2. Soak your oasis first until it's full and feels heavy. Then start off by adding your foliage. Go around the circle in one direction, pushing the stems of your branches so they all mostly lie facing the same way, you can add a bit of texture by alternating it every now and then.
3. Take your flower stems, trim them at an angle so they are about 8cm long and push them into your oasis. Do plan how you want it to look beforehand though to save damaging the flowers and the oasis by pulling them out – think about whether you want flowers dispersed all around the wreath or in clusters. Then all that is left to do is hang your lovely creation.
12. Decorated festive wreath
This traditional wreath design is then decorated with lots of different elements, including fir cones, dried flowers and orange slices. Follow the steps below by Paula Duggan who runs wreath making workshops (opens in new tab), to find out how to make it from scratch.
You will need:
- A basic wreath ring
- A pair of wire cutters
- Florist's wire
- Ribbon for hanging
- Foraged greenery, including fir branches, berries, twigs, holly, ivy, laurel, moss and eucalyptus, to create the first layers
- Decorative elements, such as dried orange slices, fir cones and dried flowers
1. To create more depth to this Christmas wreath, start by adding a layer of moss around the ring, secured in place with wire, which creates a base cushion for the foliage
2. Arrange the greenery in small, even bunches, tied together with wire, and start by attaching the bunches to the basic frame with wire, overlapping them, to cover the stems as you work your way around the rim.

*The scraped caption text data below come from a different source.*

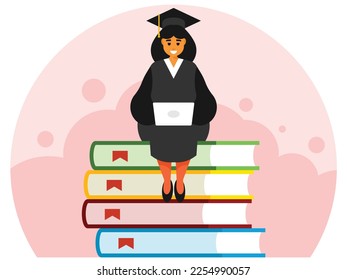 Female graduate sits on a stack of huge books with a laptop on her lap. Education concept. Vector graphics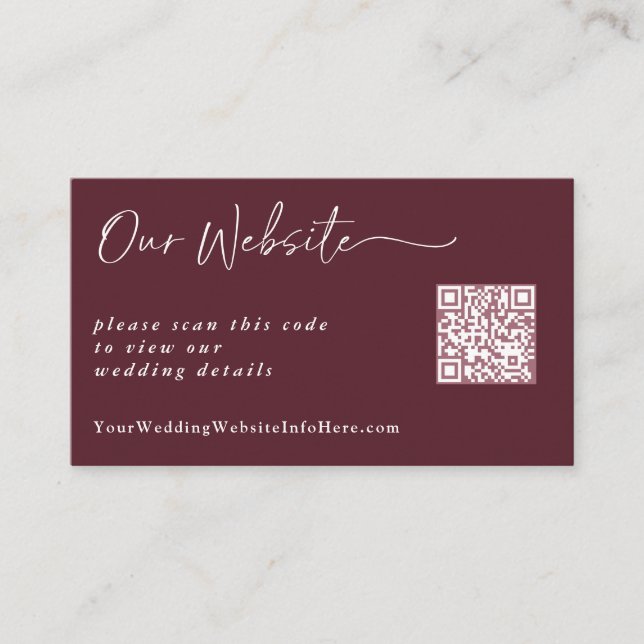 Carte de site Web Mariage moderne Merlot (Devant)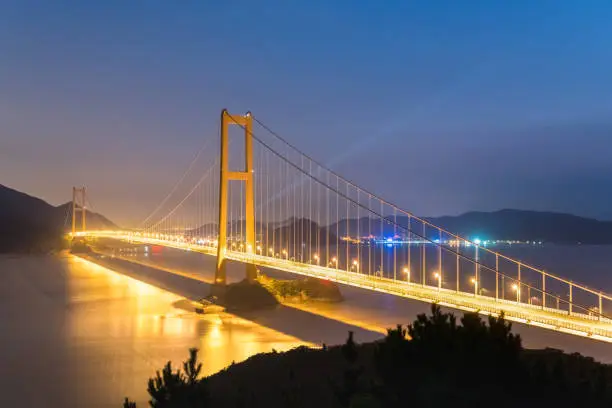 Photo of zhoushan sea-crossing bridge at night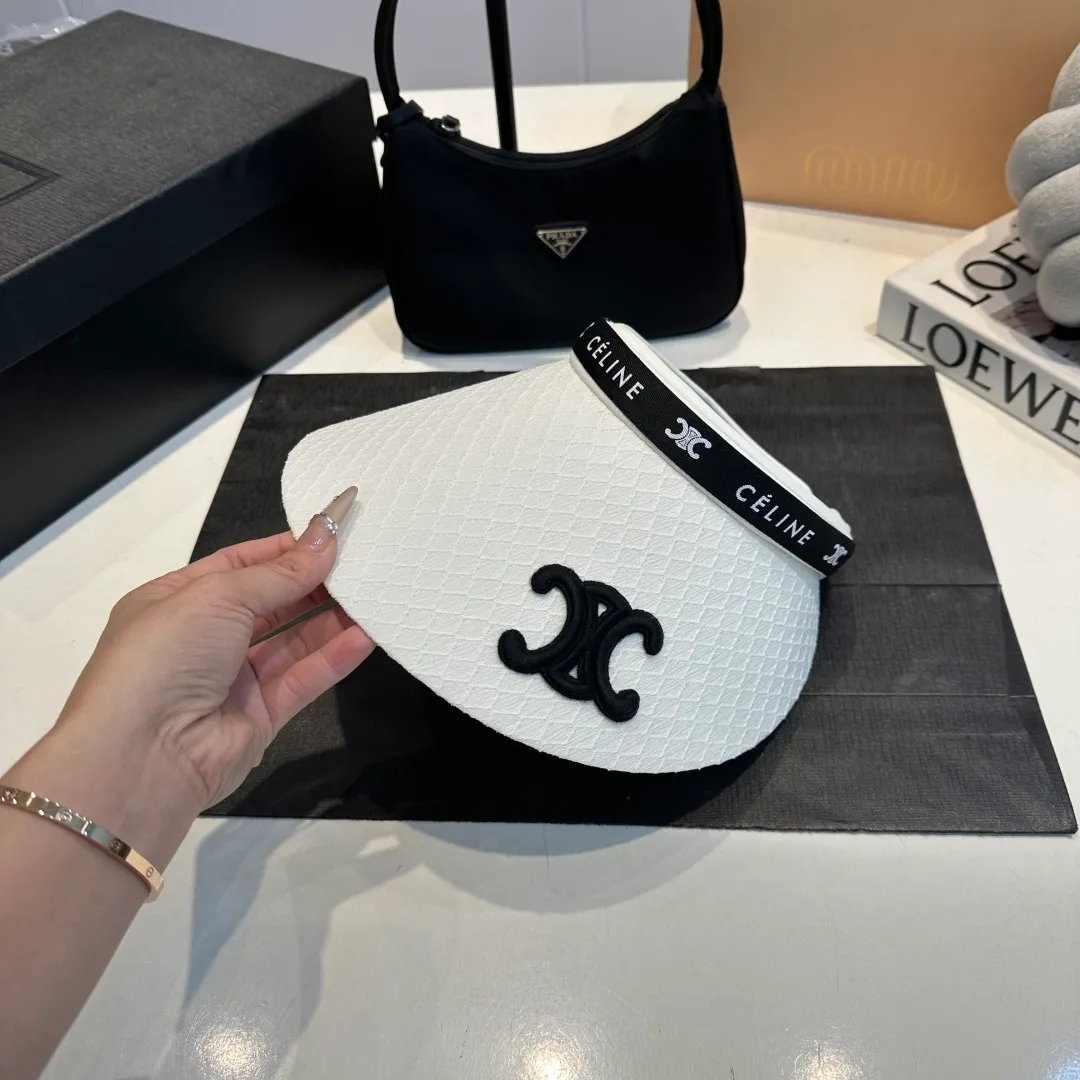 P54 Celine Arc de Triomphe empty top duck tongue sun hat for women spring and summer sun protection UV versatile straw hat letter new style
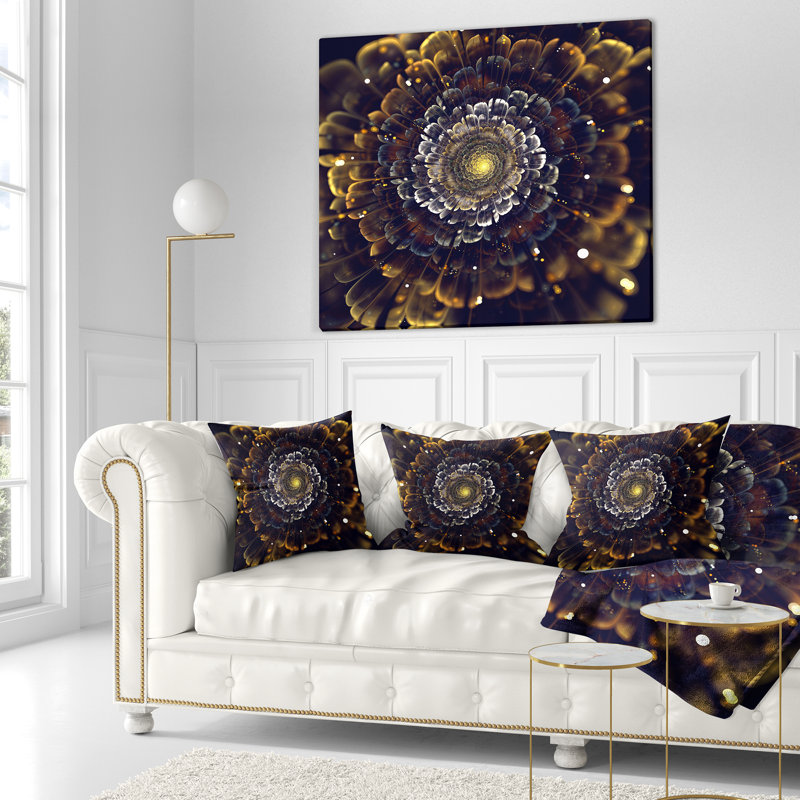 Fleurs De Fractale Avec Oreiller Violet Abstract
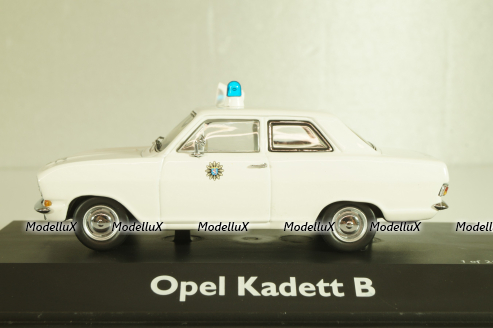 Opel Kadett B Polizei 1965, white, 02943, Schuco 1:43 (Без картонной коробки)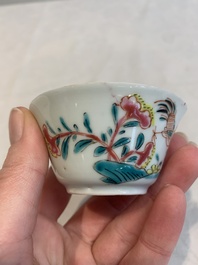 12 Chinese famille rose 'rooster' cups, Yongzheng/Qianlong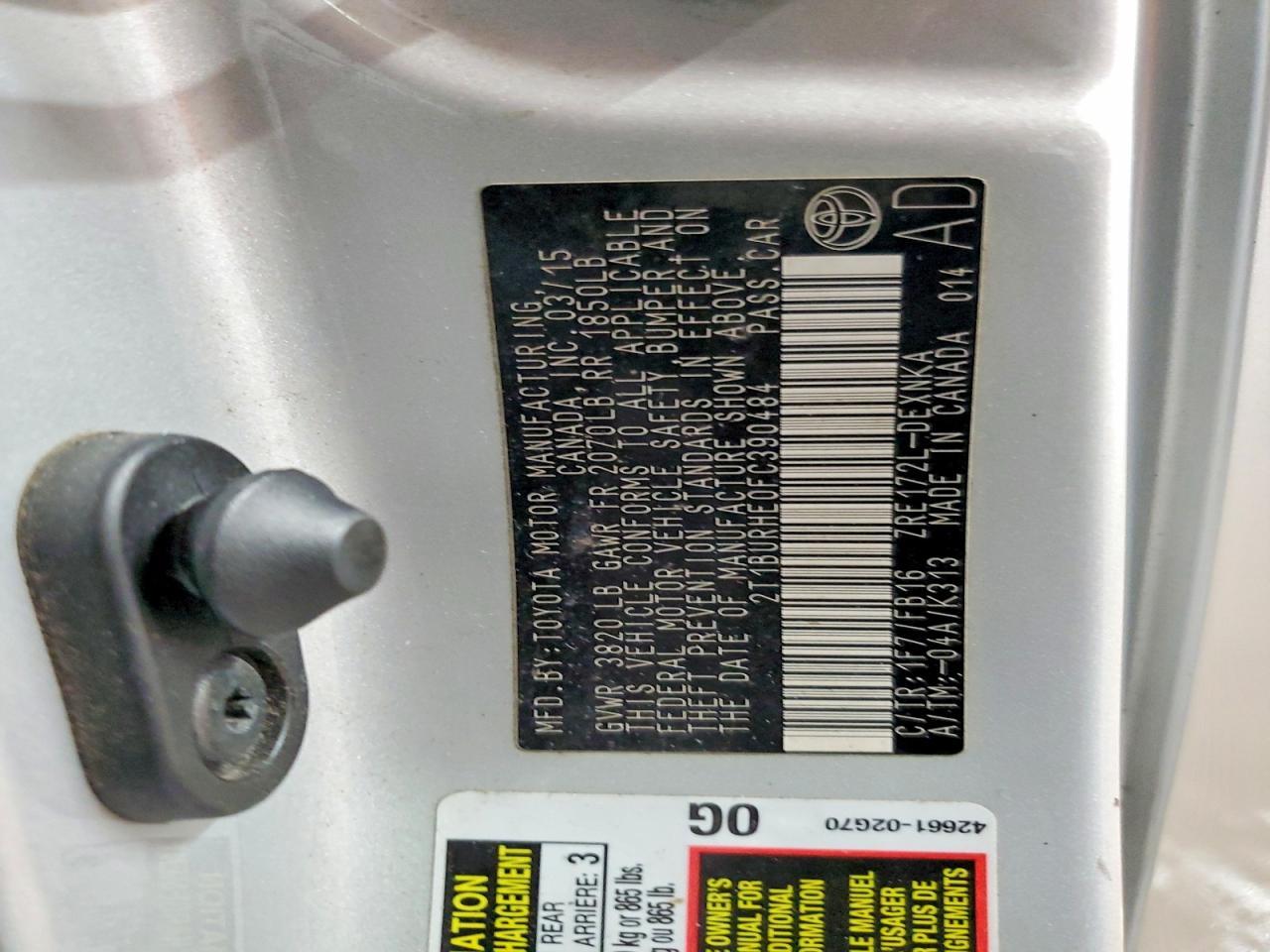 2015 Toyota Corolla l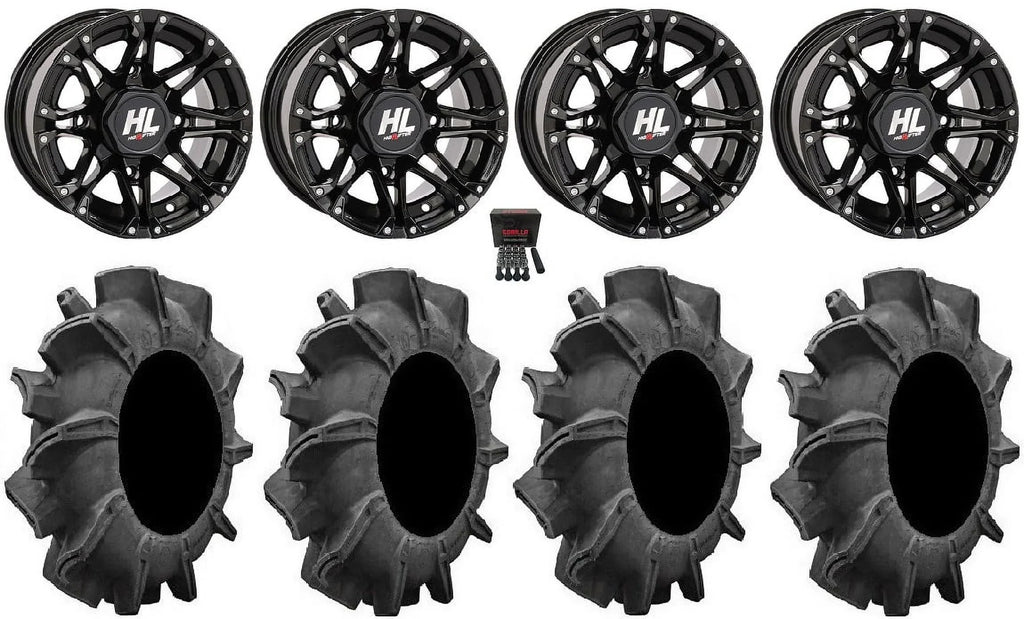 High Lifter HL3 14" Wheels Black 29.5" Assassinator Tires Kawasaki Teryx Mule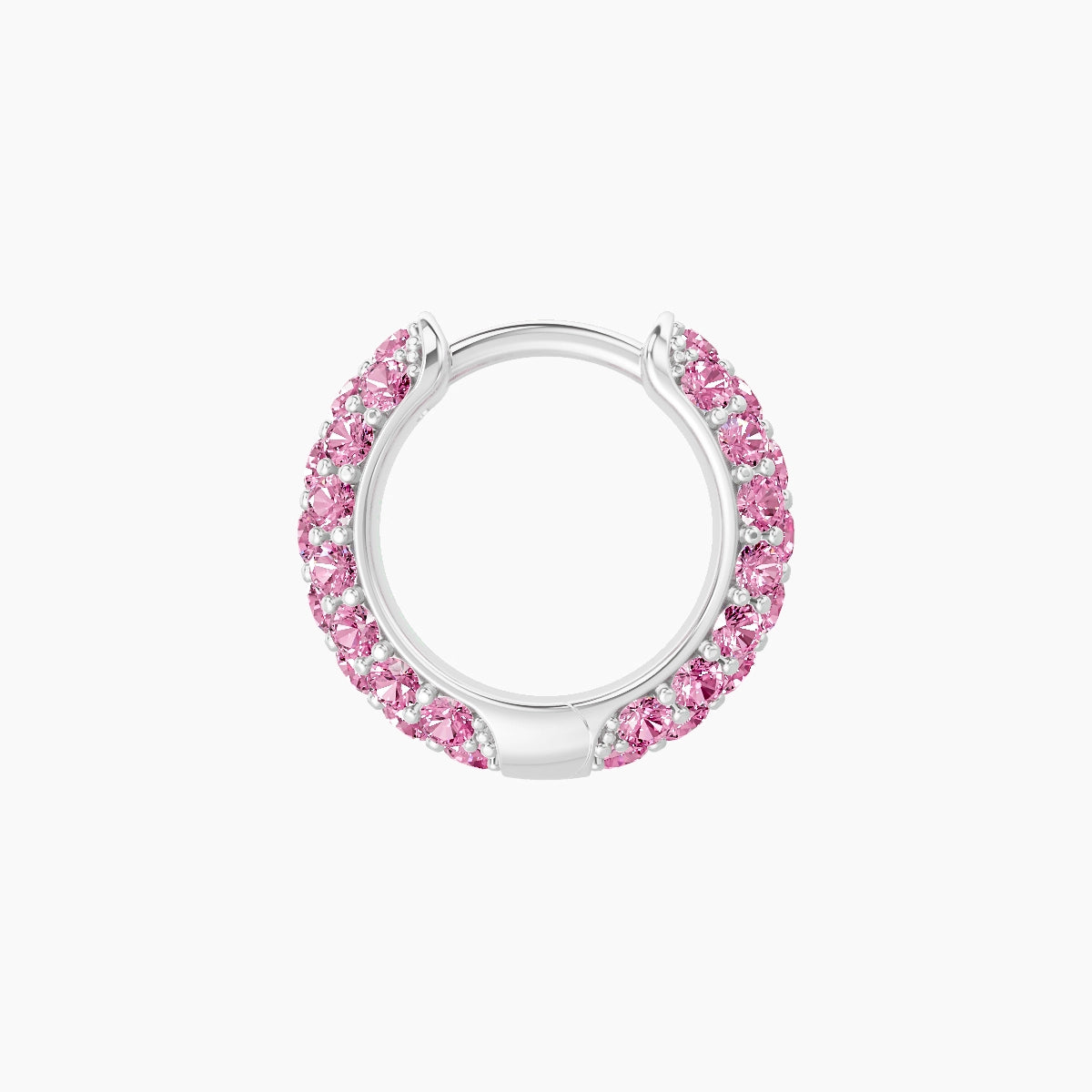 Theia | 18k White Gold 6.5 mm Pave Pink Sapphire Hoop Piercing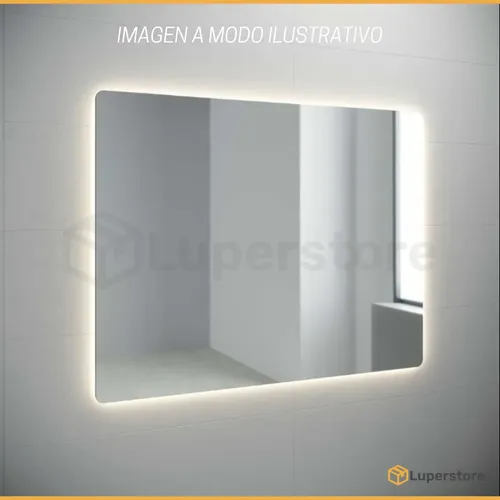 Espejo Rectangular Led Touch Colgar Luz Fria Baño Tactil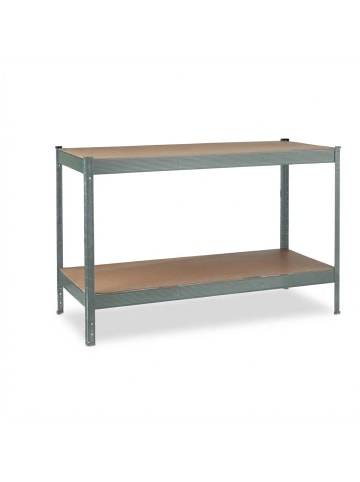 relaxdays Werkbank in Anthrazit - (B)141 x (H)91 x (T)61 cm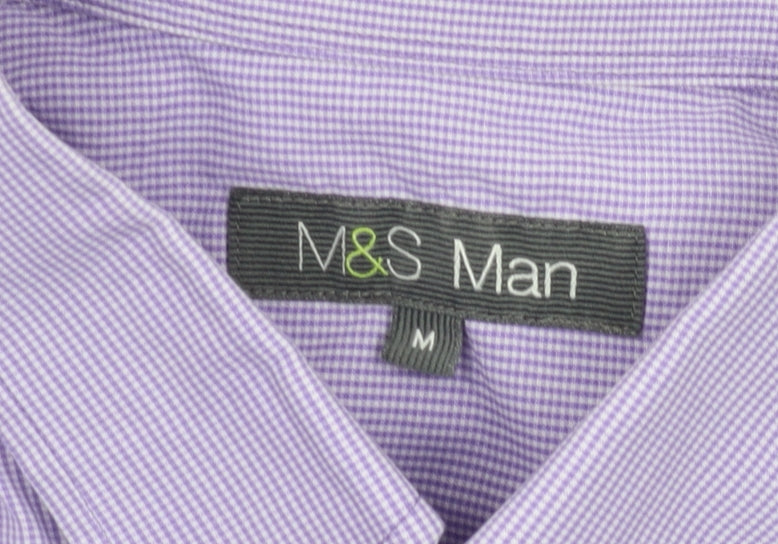 Marks and Spencer Men's Purple Check Shirt M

3. Check for any gaps and add more foliage as required
4. For an extra-thick wreath, turn the ring over and do the same on the other side.
5. Embellish the wreath with your chosen Christmas decorations, such as Christmas baubles, ribbons, pine cones, dried fruits or dried flowers, all tied on with wire.
6. Once you have completed your wreath, decide which way you want it to hang and tied the ribbon round the top. Then hang it.
What can you use as a base for a wreath?
When it comes to choosing a base for your wreath, there are several options, but the most common materials are rattan and wire. While rattan bases are the most natural looking and therefore the most aesthetically pleasing, they do tend to be more expensive than wire wreaths. Wire wreaths are very easy to work with as you can tie the twine tight around the metal. Plus, they're less bulky, meaning they'll allow your wreath to sit flush neatly on your door or wall.
Can you make a wreath without a frame?
Yes, you can make a wreath without a frame. As this is most likely to achieve a less than perfect circular shape, we recommend this option for those who want a more rustic, country look. If you don't have a frame, or you simply want a more haphazard Christmas wreath, choose fauna and flora with strong woody stems, as this will form the base of the wreath. Attach your foliage bouquets together using twine, and then, rather than tying them onto the base, tie them onto each to form a garland. Ensure you use heavy duty twine as this will work to keep the whole wreath together. Tie the ends together to create a circular shape, and your done! We'd recommend positioning this kind of wreath on your mantel or a shelf for a little extra support.